Full Metal Jacket traces the fate of a young man (dubbed Private Joker by his sergeant) from training at Parris Island, South Carolina, through the Tet offensive. Joker (Matthew Modine) is the central character of this movie, but only slowly and only after about a half hour’s worth of film do we really begin to focus on him. Up to that point the screen is dominated by the coarse running commentary and orders from Gunnery Sergeant Hartman, played wonderfully by Lee Emery.

Hartman is molding a bunch of soft kids into killers. It’s that plain and that simple, and all cards are on the barrel. He will use any tactic that works— intimidation, force, physical abuse, peer pressure. There is no malice in him, but that only makes him that much more awful to watch. “I do not look down on niggers,” he hollers, and rattles through a list of racial slurs. “You are all equally worthless here.” “Make your war face,” he yells at Joker; “Make your war face—you don’t scare me; work on it.” “You are so ugly,” he tells another, “you could be a piece of modern art.” It is terrible, but as delivered by Emery (a former sergeant in real life who actually wrote many of his own lines) it is also very funny. Right from the start the audience is giggling, and so is the recruit Hartman dubs Private Comer Pyle, until Hartman takes him by the neck and chokes the smile off his face, and ours. Marines, as Hartman tells his charges, are not to think even of dying without permission.

It is all horrible and beautifully done. Kubrick descends slowly from the funny into the frightening, and from the frightening into hell. Seeing Pyle trying to maneuver his fat self through a seemingly endless obstacle course, with a screaming Hartman perched at every turn, is still funny. Watching the recruits lined up in a double row on Christmas Day singing Happy Birthday Dear Jesus is disturbing, but still funny. One afternoon Hartman mentions Charles Whitman and Lee Harvey Oswald. Whitman, he reminds the recruits, was the sniper at the University of Texas who picked people off from a distance of 400 yards, and Oswald plugged Kennedy in a moving car from 250 feet. “Where do you boys think these men learned how to shoot?” Hartman bellows. Even this is funny, still.

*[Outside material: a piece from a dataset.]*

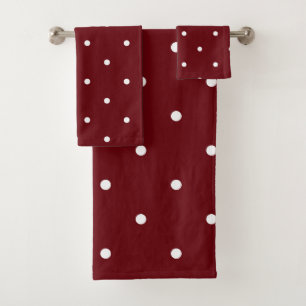 Conjunto De Toalhas Pontos Vermelhos e Brancos Rosados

But in an effort to motivate Pyle, Hartman takes to punishing the rest of the group every time Pyle makes a mistake, which is often. One night, when everyone’s had it, the recruits gag Pyle and beat him up. After this, Pyle takes to talking to his gun; but he gets motivated. He turns out to be an excellent shot, and he starts getting everything else right, as well.

The night before graduation, Joker, on fire watch, finds Pyle in the head with his rifle loaded: Full Metal Jacket. Hartman hears them and storms in, professionally furious as usual. Though the tension is high it’s just the same thing all over again, Hartman yelling and Pyle taking it, half sick and half funny, until Pyle shoots the sergeant full in the chest, then sticks the barrel in his own mouth and rips the back of his head off.

It is perfect, concise, horrible, hell; a minimovie complete. You get the message loud and clear, and there’s nothing banal about it. Why, then, does Kubrick press on with the much more traditional second half to his story? Which is banal? Which effectively ruins the first part?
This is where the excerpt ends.